As Visitas ao "África"


Ao longo dos seus sete anos de vida (uma eternidade...!!!), o "África foi procurando manter com as comunidades africanas instaladas em Portugal um contacto permanente. Mesmo com as chamadas autoridades institucionais, como por exemplo, os embaixadores.


Angola, quer pela importância que tinha, naquela altura, do ponto de vista noticioso, já que era um país em guerra, quer pelas relações muito estreitas que ligava uma maioria da redacção áquele país, era especialmente considerado.


Enquanto foi embaixador de Angola em Lisboa, Rui Mingas sempre teve connosco uma relação privilegiada e de amizade. Houve uma ocasião em que nos fez uma visita. Aqui está ele comigo e com o Leonel Cosme, em plena redacção. Na fotografia da esquerda ainda se reconhece João Simons, que naquela altura tinha um papel importante no gabinete de imprensa da Embaixada de Angola

2007/08/08

O "Pinoneirismo" do "África"

O "África" foi seguramente pioneiro em muitos aspectos da comunicação social em Portugal. Fomos o primeiro jornal a abandonar o fastidioso modelo "anopiano", em que os jornalistas se aventuravam apenas pelos números e pelos factos. Nunca arriscavam opinião.

Nós entrávamos pelos números, analisávamos os factos e opinávamos.

No que a África diz respeito, também fomos os primeiros a opinar e abrir as portas aos que estavam interessados noutras vidas para além do seu espaço.

Na cultura disponibilizámos as páginas do África aos intelectuais africanos e não só: também falávamos dos que escreviam sobre África e registávamos as suas opiniões. Esta fotografia representa o momento em que eu e o Fernando Alves, em 1988, entrevistávamos o Carlos Vale Ferraz, a propósito do lançamento do seu livro, "Soldadó".

Agora que estou com tempo para ir mexendo nos arquivos do "África" aproveitei a oportunidade também para me mostrar a mim próprio e ao Fernando, naqueles tempos de luta feroz pela sobrevivência de um jornal que muitos queriam ver morto.

2006/05/21

Maputo "by moto"

Esta fotografia é de 1988 e foi tirada pelo Kok Nam. Eu e o Sérgio Santimano, na moto dele, então fotógrafo da AIM e que me acolheu em casa durante uma viagem que eu fiz a Maputo para fazer a cobertura de uma reunião dos cinco chefes de estado dos PALOP's.

Como todas as viagens que elementos do África faziam esta também foi difícil. E sempre pela mesma razão: não havia dinheiro para as despesas, nem sequer para o alojamento.

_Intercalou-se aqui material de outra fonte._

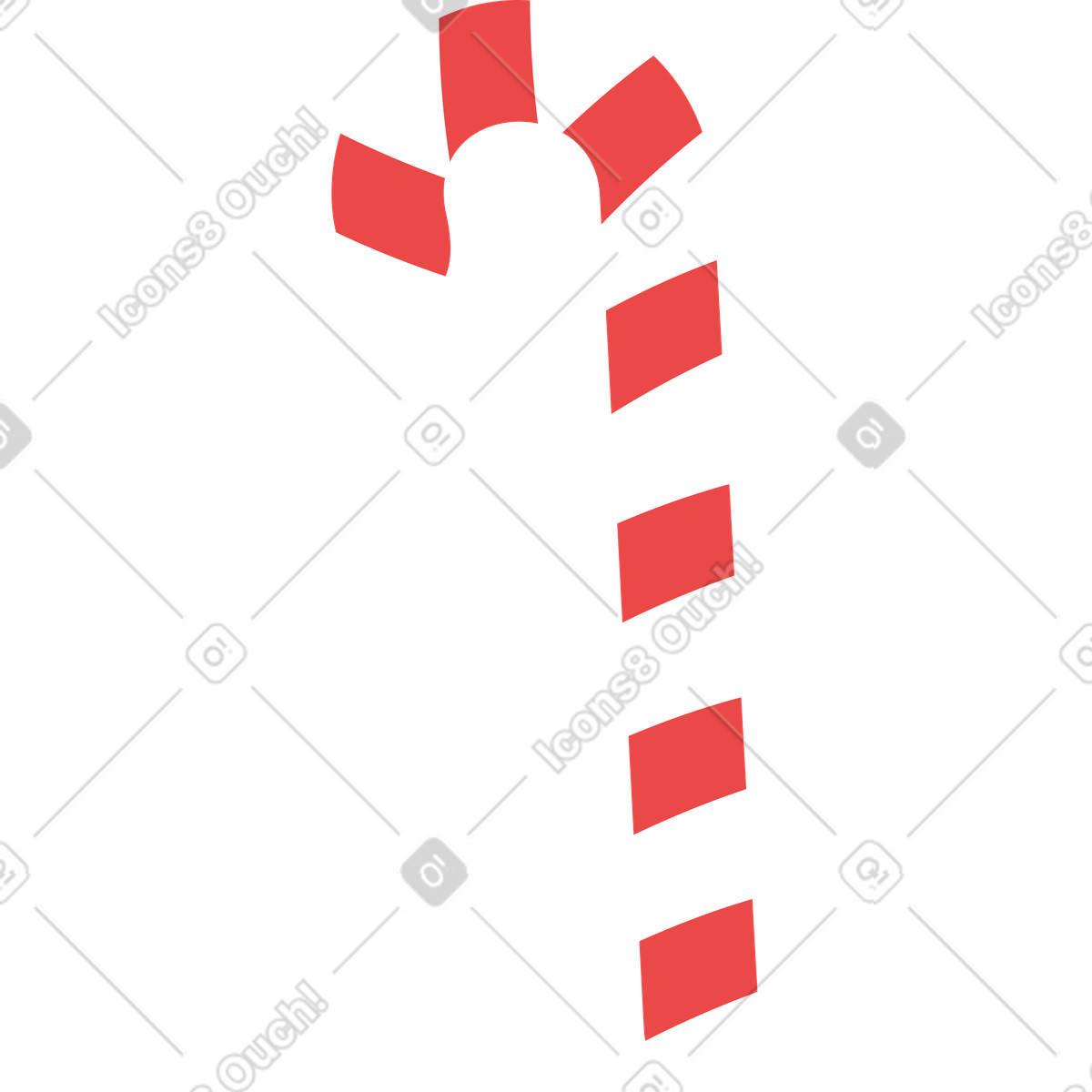 下载 Vivid 风格的 棒棒糖手杖 插画，支持 PNG、SVG 格式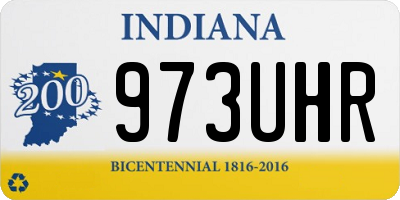 IN license plate 973UHR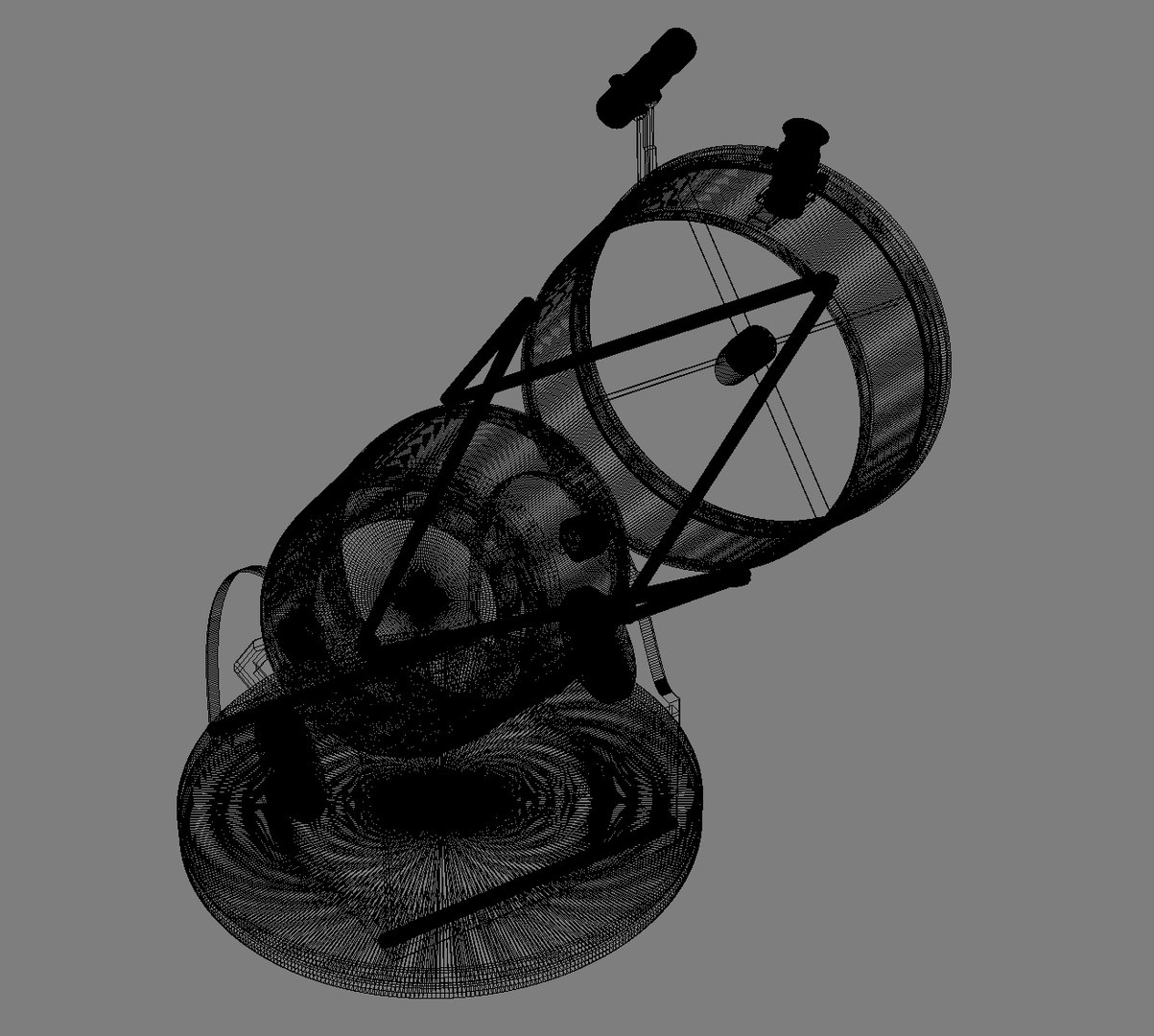 3d Model Of Telescopes : Refractor Reflector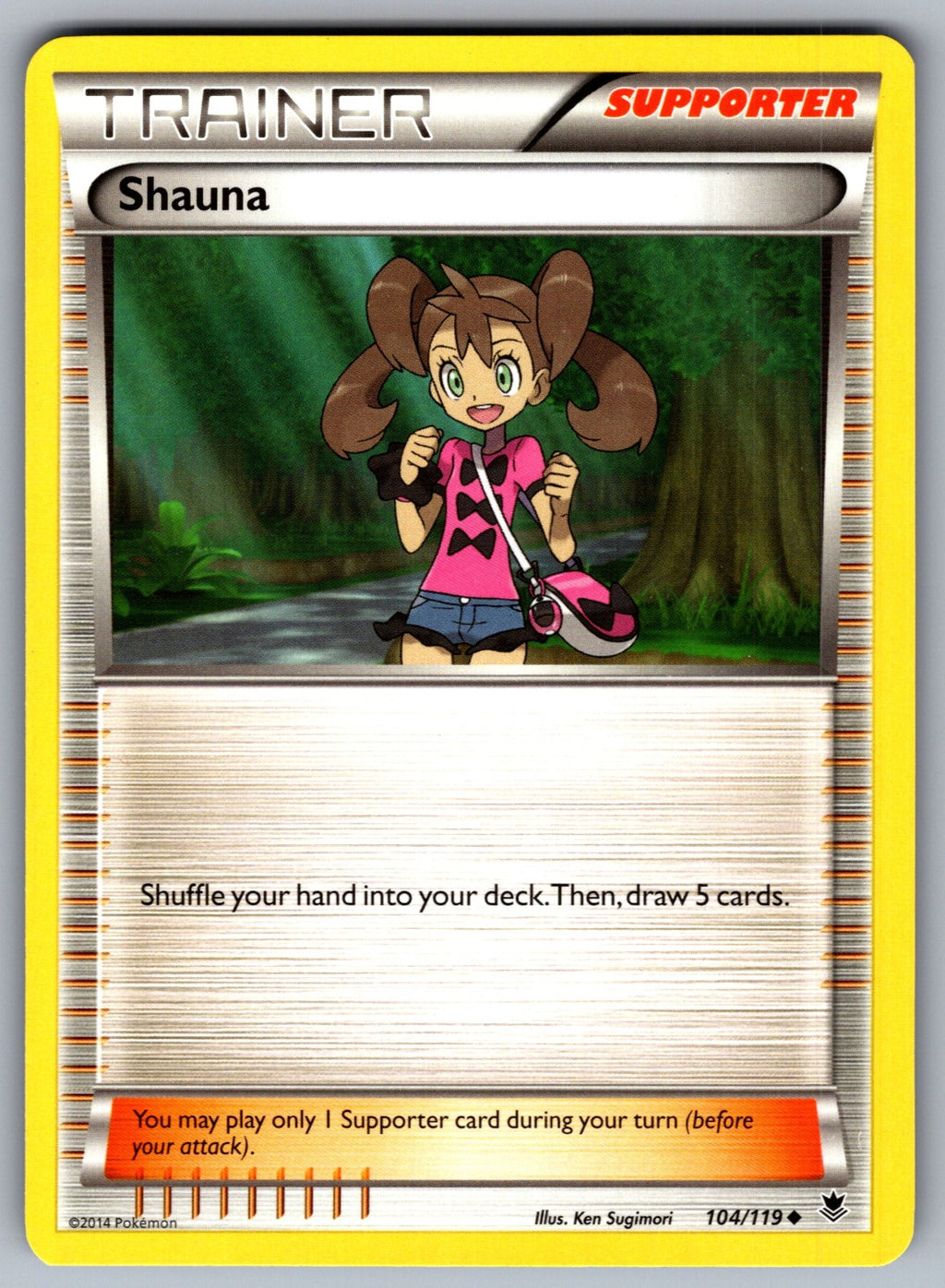 Shauna Uncommon XY - Fates Collide 111/124 LP 2016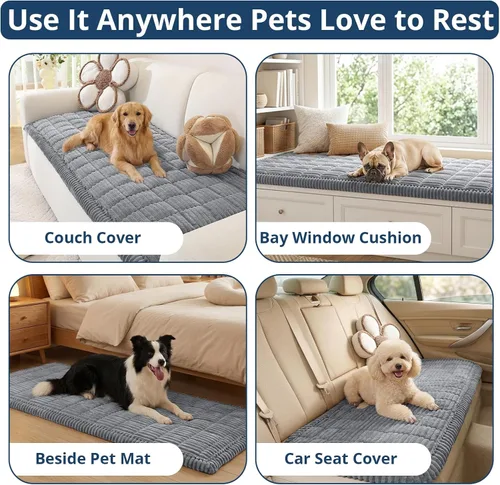 Vista 2 de OstepDecor Funda de sofá para perros, funda de sofá lavable antideslizante para mascotas, funda de sofá suave para sofá, sofá biplaza y seccional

Nesse já longíncuo ano de 1988 fui, todavia, recebido com galhardia pelo Sérgio e por todos os colegas da AIM, então dirigida pelo Carlos Cardoso, um verdadeiro militante do jornalismo "engajado", um líder nato que, também sem recursos, conseguia manter em funcionamento uma das poucas agências de notícias africanas.

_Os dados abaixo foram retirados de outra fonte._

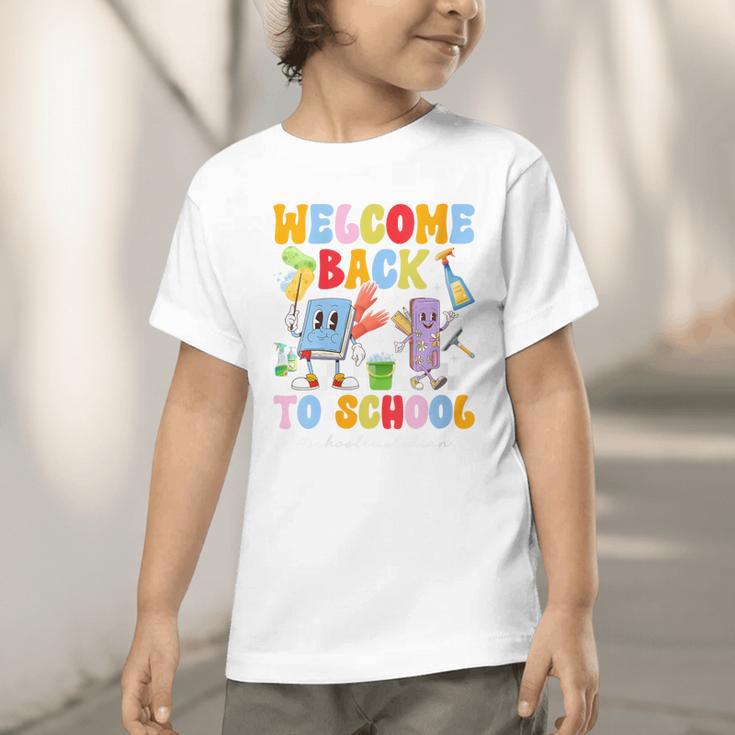 Women's Back To School Custodian First Day Of School Custodian Graphic Toddler T-Shirt Women's Back To School Custodian First Day Of School Custodian Graphic Toddler T-Shirt
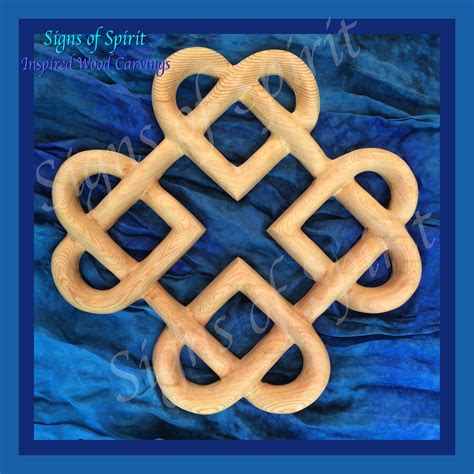 Home, family love, and simple pleasures. Four Hearts Squared Celtic Love Knot- Lifetime of Love Symbol - Elder Futhark Gebo X Rune Wood ...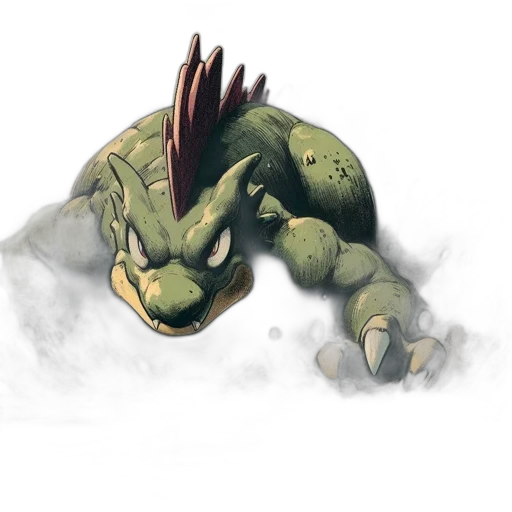 dragon, creature, animal, staff transparent PNG cut-out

A propósito desta viagem recordo-me de um incidente que o tempo ajudou a lembrar com um sorriso, mas que, na altura foi doloroso. Para sair do aeroporto do Maputo era necessário pagar uma taxa de uns quantos dólares - que eu não tinha. Os meus amigos já se tinham ido embora e eu estava rodeado de gente desconhecida. Com a coragem reforçada dirigi-me a um "senhor"compatriota a quem disse quem era e expliquei o meu problema. O "senhor" tratou-me como a um mendigo, emprestou-me a quantia necessária, frisando muito bem que a queria devolvida no dia seguinte no seu escritório.

Assim foi feito.

Este "África" teve muitas destas estórias.

Ao fim de alguns meses voltei a este blogue para recordar uma amizade - o Sérgio Santimano, que continua a viver entre a Suécia e Moçambique, com a sua mulher, Eva, de quem guardo as mais gratas recordações pela simpatia com que me recebeu em sua casa, sem me conhecer.

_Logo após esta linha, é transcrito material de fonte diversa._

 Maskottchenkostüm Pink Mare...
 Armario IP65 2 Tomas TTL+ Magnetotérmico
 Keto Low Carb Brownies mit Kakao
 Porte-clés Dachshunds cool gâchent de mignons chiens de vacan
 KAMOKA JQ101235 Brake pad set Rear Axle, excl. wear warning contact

O Sérgio passou recentemente por Lisboa, tem uma exposição no Porto e um programa de televisão da RTP África, o "Latitudes" fez com ele uma reportagem que há-de ser exibida um dia destes.

Durante a sua passagem por Lisboa falámos daquela minha viagem ao Maputo e, gentilmente, mandou-me a fotografia que a ficou a assinalar. Aqui fica ela.